For Savarese, time allows a more positive perspective.


“When I hear the phrase guerreros del viaje,” he begins, in Spanish, when given the same prompt as his players, “it means that it is a group of people who have had the opportunity to travel a lot and have managed to overcome the difficulty that always presents a team when you travel too much. The group has become a warriors because they had to try and get results in the face of failure.”


This is more than the luxury of time, and results. In the wake of the San Jose disappointment, Savarese spoke of wakeup calls, as well as his team’s opportunity to show their fortitude. When the team was handed misfortune against Dallas, Savarese refused to let his team be defined by their record, insisting their underlying play spoke to the Timbers’ improvement. Consistently, has strands of Portland’s narrative allowed for other stories, Savarese has maintained the perspective of somebody planning beyond a 34-game season. He maintained the perspective of a coach.


“In truth, in the past I’ve always tried to foster the idea that a team has to be as strong at home as it is on the road,” Savarese explains, when asked about the road mentality of his former teams. “But, I have never had the opportunity to play 12 consecutive, continuous games away from home, especially with the difficulty of travel and travel times in Major League Soccer. So, for sure, [the year] was surely a unique case for me.”

Guerreros del viaje | Timbers road warrior mentality again comes to the fore on eve of 2019 playoffs -

Timbers head coach Giovanni Savarese talks with assistant coach Miles Joseph in Philadelphia (Craig Mitchelldyer / Portland Timbers)

If the Timbers didn’t affirm their guerreros status over the second-half of their road trip, they likely did so over the remainder of their home schedule. On July 7, Portland became the only team to win at New York City FC this season, defeating the eventually Eastern Conference regular season champions 1-0 at Yankee Stadium. The next week, the Timbers won at Banc of California Stadium in the U.S. Open Cup, eliminating LAFC from the competition two rounds after winning on the road against Seattle. On July 21, the Timbers registered another road win over the Sounders, taking a 2-1 victory out of CenturyLink Field that would mark one of only two home losses Seattle would suffer this season.
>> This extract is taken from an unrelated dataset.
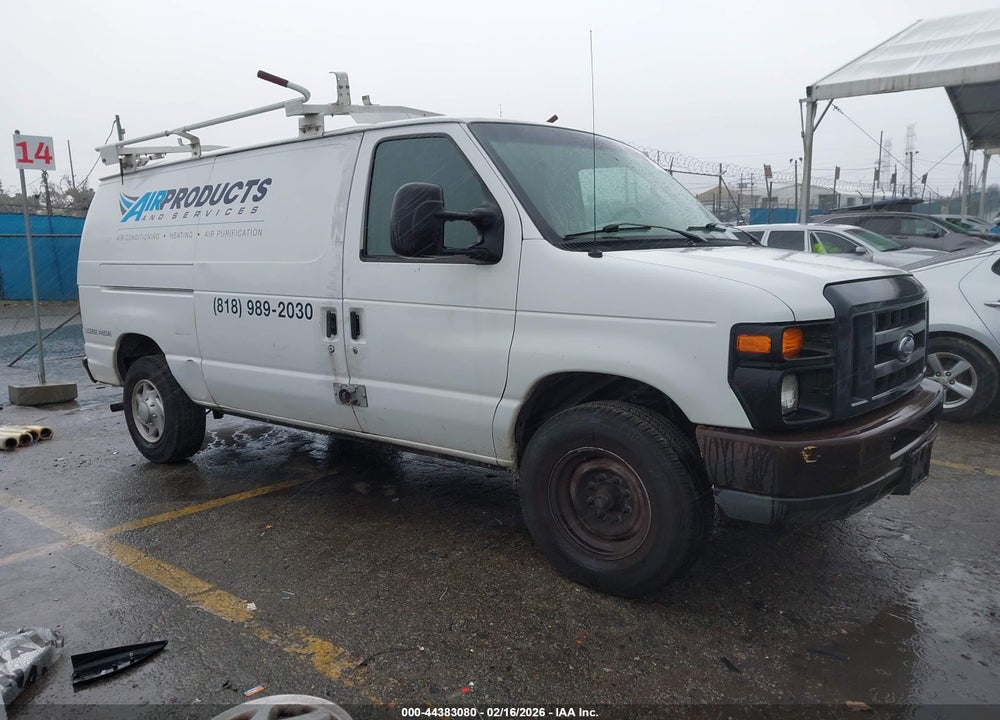 2008 FORD E-250 COMMERCIAL/RECREATIONAL VIN: 1FTNE24W08DB08558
Philadelphia, NYCFC, LAFC and Seattle would finish the regular season a combined 45-7-16 at home. Although only one of Portland’s visits to those teams came during El Viaje, those results defined the Timbers’ season on the road. Only two teams finished the regular season with more wins than Portland’s six on the road.


“If we’d played with the same intensity at home that we ended up playing with on the road, it would have been a lot better,” Blanco says. “In the playoffs, I hope we can continue playing like this, but even so, at a very difficult time, the team showed a lot of fortitude. Head-to-head, in must-win matches, we’re not a team you want to face.”
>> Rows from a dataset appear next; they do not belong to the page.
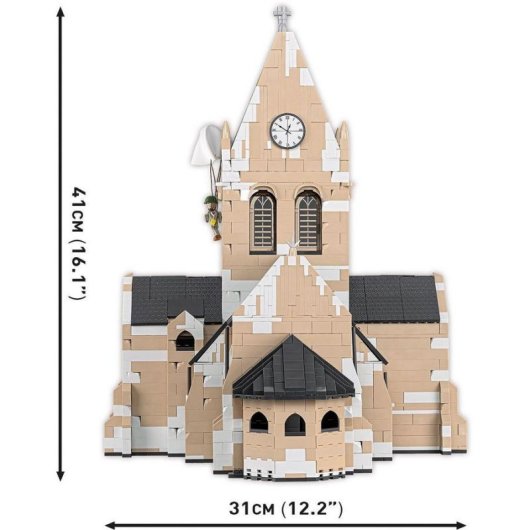 COBI Sainte-Mère-Église Church COBI-2299 2280 Teile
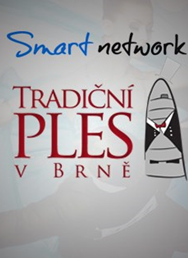 Tradiční ples v Brně - "Smart network"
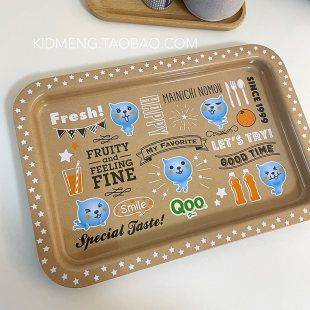 Spot goods!Coca -Cola Qoo Queer Surrounding Iron Metal Card Favorite Favorite Decoration Disk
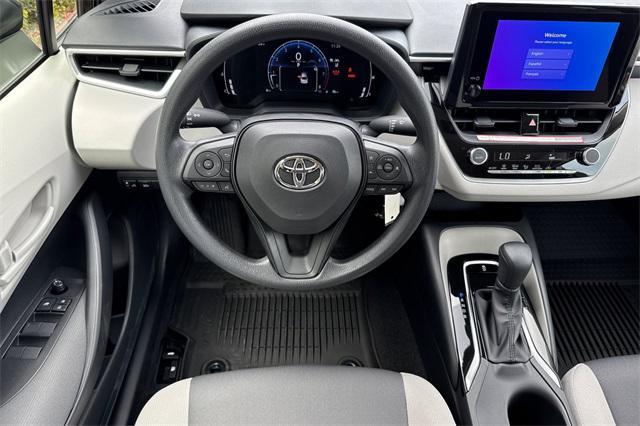 new 2026 Toyota Corolla car, priced at $24,934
Why, exactly, the Timbers become that team on the road, nobody knows for sure. Valentin’s theory is that the team “have an influx of guys with young children, so they enjoy sleeping on the road. I know I’m going to be one of those guys,” the new father said.


“Obviously, at home we hold ourselves to a high standard,” he explains. “We want to perform in front of our fans, so we put that pressure on ourselves. On the road, the other teams have to do that. They have to perform in front of their fans. They need to put on a show. They have to do all that jazz, and we’re going to sit here and rope-a-dope a little bit, hopefully catch them on some breaks.
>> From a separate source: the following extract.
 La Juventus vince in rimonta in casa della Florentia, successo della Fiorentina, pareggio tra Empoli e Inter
“I think, a few games, we’ve out-played a lot of the home teams. But it doesn’t necessarily always guarantee results.”


If there’s an overriding lesson the guerreros can take from 2019, it’s in those lack of guarantees. In all likelihood, the Timbers are no greater “warriors” than they were seven months ago, but seven months ago, they needed a reminder, one that went beyond rallying cries and t-shirts. Come July, the Timbers may have reaffirmed their guerreros del viaje credentials; in October, though, that cliché is only as true as the team’s next result.